Commanders and leaders
- Ibrahim Bushati Kol Gjomarkaj: Petar I Petrović-Njegoš

Units involved
- Gheg Albanians from: Shkodër; ;: Montenegrin rebels from: Brda Kuči; Piperi; ; ; Albanian rebels from: Malësia Kelmendi; ; ;

Casualties and losses
- Unknown: Unknown

= War in Brda (1805) =

In mid-1805, during the Serbian Revolution, a conflict broke out within modern-day Montenegro. The Albanian-Serb tribes of Kuči and Piperi from Brda, along with the Albanian tribe of Kelmendi from Malësia, took up arms against the Pashalik of Scutari and its ruler, Ibrahim Pasha of the Bushati family.

== Background ==
After the devastating losses during the Scutari invasion of Montenegro in 1796, particularly in the battles of Martinići and Krusi, and the death of the ruling Kara Mahmud Pasha, his brother Ibrahim Pasha ascended to the position of Pasha of the semi-independent Pashalik of Scutari. Initially, Ibrahim Pasha attempted to reestablish relations with the Montenegrins and Malsors, but neither accepted his rule. With the start of the First Serbian Uprising and the subsequent Serbian Revolution in 1804 against Ottoman rule, many Serbs and other non-Muslim populations within the Ottoman Empire, similar to those in the Sanjak of Smederevo, sought to break away from Ottoman control or gain autonomy within the empire. The Kuči and Piperi tribes, who had previously aided the Montenegrins against Kara Mahmud Pasha, openly aimed to unify with the Montenegrin state.
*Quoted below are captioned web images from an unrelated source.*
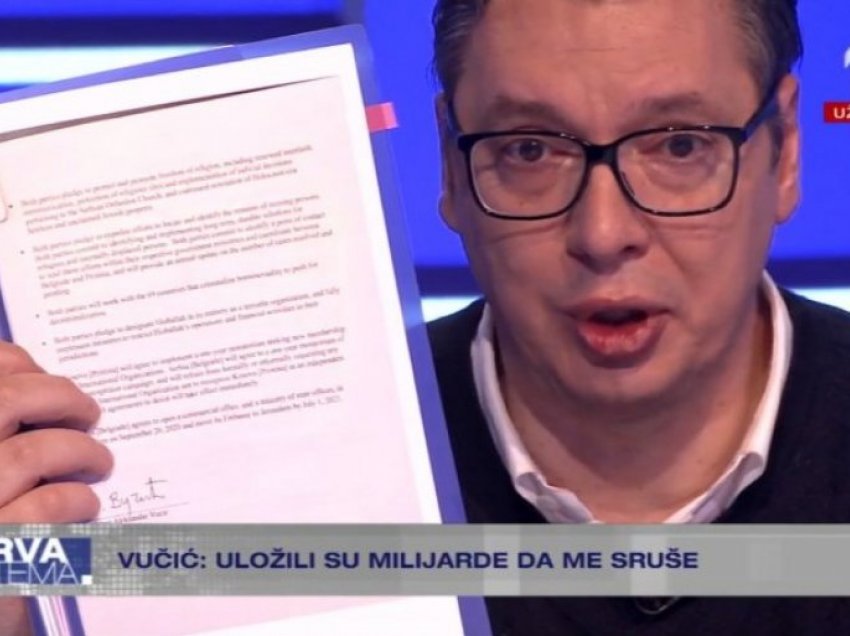 Vuçiq tregon dokumentin e nënshkruar në Uashington: Ky është nënshkrimi im, askund nuk ka pranim të Kosovës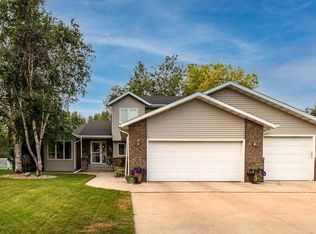 621 Munich Dr, Bismarck, ND 58504
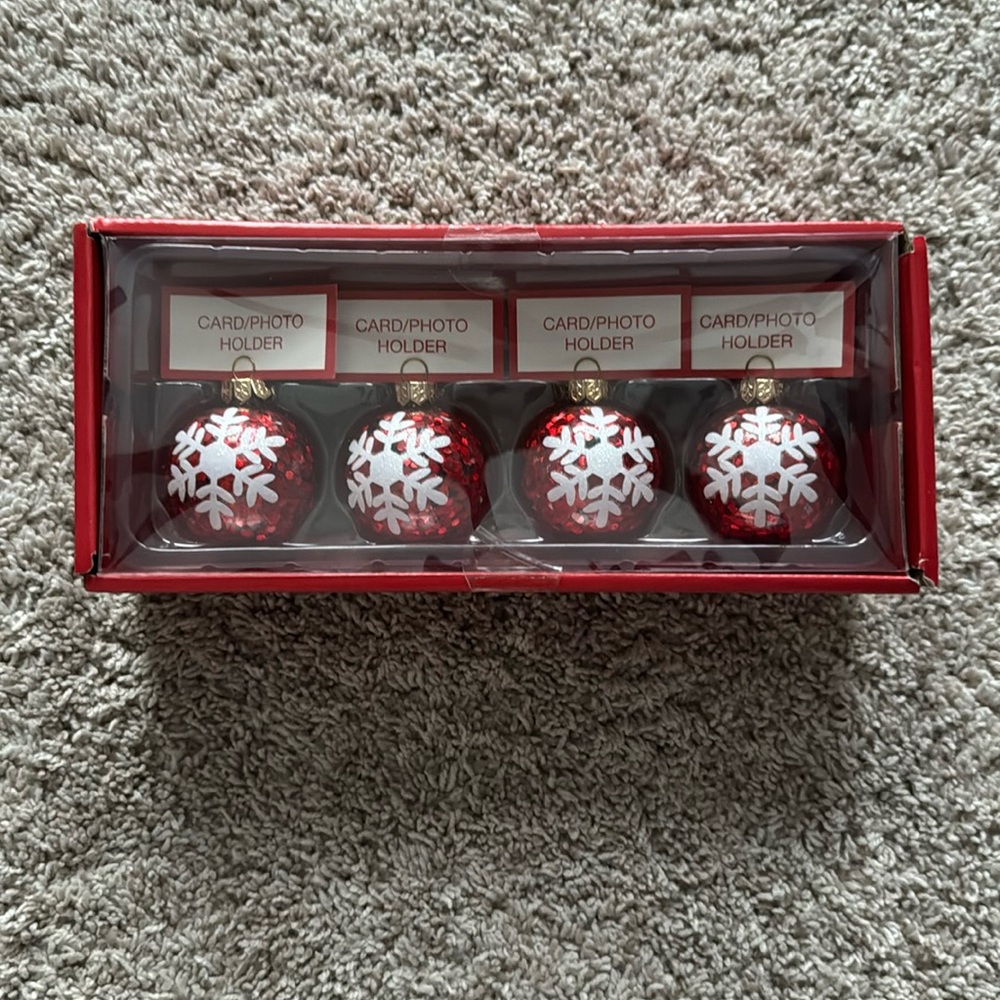 Kirkland’s Christmas card/photo holders - set of 4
Consequently, in mid-1805, they, along with the Albanian Kelmendi tribe, revolted against Ibrahim Pasha Bushati's rule.

== War ==
Ibrahim Pasha swiftly assembled an army of local Ghegs and Mirditor allies under the command of Kol Gjomarkaj and set out from Shkodër. He campaigned in Brda, ultimately defeating the rebels. However, during this campaign, Ibrahim Pasha executed the Mirdita leader for reasons that remain unclear, causing a sudden rupture in the relationship between Mirdita and the Bushatlliu dynasty. After the rebels were defeated, the territories of Brda and Kelmendi were reincorporated into the Pashalik.

== Aftermath ==
However, suppressing the Serb rebels came at a significant cost. The two Tosk Pashas, Ali Pasha Tepelena and Ibrahim Pasha of Berat, defeated his armies multiple times in Elbasan and Ohrid. These clashes nearly escalated into a full-scale war, however the Sublime Porte intervened swiftly to prevent further escalation. In December, Ibrahim Pasha Bushati was appointed Beylerbey of Rumelia. Soon after, he gathered an army and assisted the Ottomans in quelling the Serbian uprising.